Description
International trade offers opportunities and risks to countries, groups, and individuals. Opening an economy up to trade with other economies provides potential advantages for all, as it allows for specialization that leads to higher levels of productivity and efficiency, enlarges the markets available to firms, and increases the scope for consumer choice. However, the process of specialization entails redeployment of assets that is costly for some actors, and exposure to the global economy can create new sources of risk. For these reasons, trade is highly politicized. No government in the modern state system has ever pursued an entirely hands-off approach to trade policy. This volume features chapters that view the politics of international trade from a wide variety of angles. It considers the concepts that have driven trade policy, the interests that compete over it, and the institutions that channel these interests. The actors that care about trade policy range from individuals and firms to interest groups, government agencies, and international institutions. Economists have made great strides in understanding the factors that create a demand for international trade and the economic consequences of trade for various actors. Many of the approaches studied in this volume build on such economic models. However, the focus here is very much on politics: who wins and who loses from different policies, who is able to organize and to influence governments, and thus how politics influences actual patterns of trade.
In this introductory chapter I provide some historical and conceptual background to the more advanced theoretical perspectives and sophisticated empirical work showcased in the rest of the volume.
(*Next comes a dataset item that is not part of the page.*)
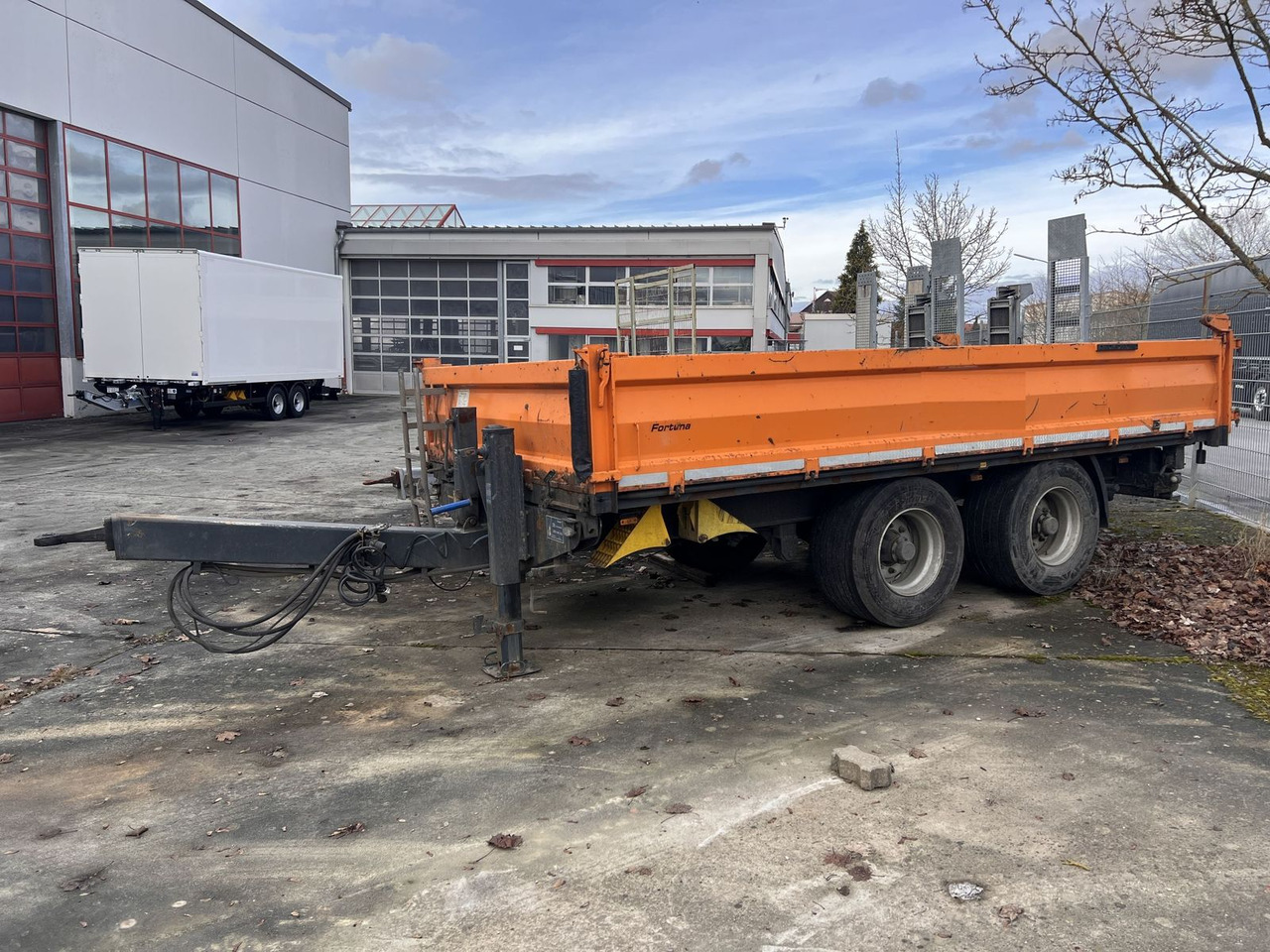 14 t Tandemkipper- Tieflader, Breitbereifung - مقطورة قلابة: صورة 1 14 t Tandemkipper- Tieflader, Breitbereifung - مقطورة قلابة: صورة 1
The next section looks at the progression of eras of trade policy, from the mercantilism that emerged along with the modern state system to today’s landscape of global, regional, and bilateral trade institutions. The third section turns to theories, providing an overview of economic models of trade that help us understand the interests that go into making trade policy and the domestic and international institutions that aggregate these interests. Finally, I briefly discuss the organization of this volume.